* Supplied data:
::::

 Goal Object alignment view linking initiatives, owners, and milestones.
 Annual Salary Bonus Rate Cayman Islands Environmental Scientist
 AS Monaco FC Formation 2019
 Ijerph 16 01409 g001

::::

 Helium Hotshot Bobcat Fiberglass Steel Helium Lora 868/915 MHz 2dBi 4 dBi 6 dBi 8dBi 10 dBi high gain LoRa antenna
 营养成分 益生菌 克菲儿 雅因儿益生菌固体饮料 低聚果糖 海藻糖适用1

::::

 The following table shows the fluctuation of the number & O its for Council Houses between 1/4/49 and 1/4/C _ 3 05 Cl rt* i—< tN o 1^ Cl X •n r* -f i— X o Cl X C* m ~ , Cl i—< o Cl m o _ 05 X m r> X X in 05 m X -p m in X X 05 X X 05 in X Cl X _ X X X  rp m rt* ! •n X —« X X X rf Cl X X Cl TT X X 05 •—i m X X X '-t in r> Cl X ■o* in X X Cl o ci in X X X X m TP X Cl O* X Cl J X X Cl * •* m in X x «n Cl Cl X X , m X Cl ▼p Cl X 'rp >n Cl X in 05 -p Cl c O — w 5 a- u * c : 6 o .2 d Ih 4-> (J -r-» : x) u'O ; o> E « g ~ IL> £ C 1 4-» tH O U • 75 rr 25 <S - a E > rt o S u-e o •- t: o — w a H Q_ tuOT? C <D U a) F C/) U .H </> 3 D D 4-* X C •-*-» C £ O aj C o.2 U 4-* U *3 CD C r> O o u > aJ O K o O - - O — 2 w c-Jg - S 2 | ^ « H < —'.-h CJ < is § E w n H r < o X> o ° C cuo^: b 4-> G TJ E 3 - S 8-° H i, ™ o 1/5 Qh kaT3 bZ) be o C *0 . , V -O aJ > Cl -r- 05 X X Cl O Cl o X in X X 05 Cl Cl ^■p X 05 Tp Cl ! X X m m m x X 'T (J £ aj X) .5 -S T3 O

::::

* Action item:
Retype, exactly and in full, the lines above from the one containing "AS Monaco FC Formation 2019" through the one containing "Ijerph 16 01409 g001".

* Answer section:
 AS Monaco FC Formation 2019
 Ijerph 16 01409 g001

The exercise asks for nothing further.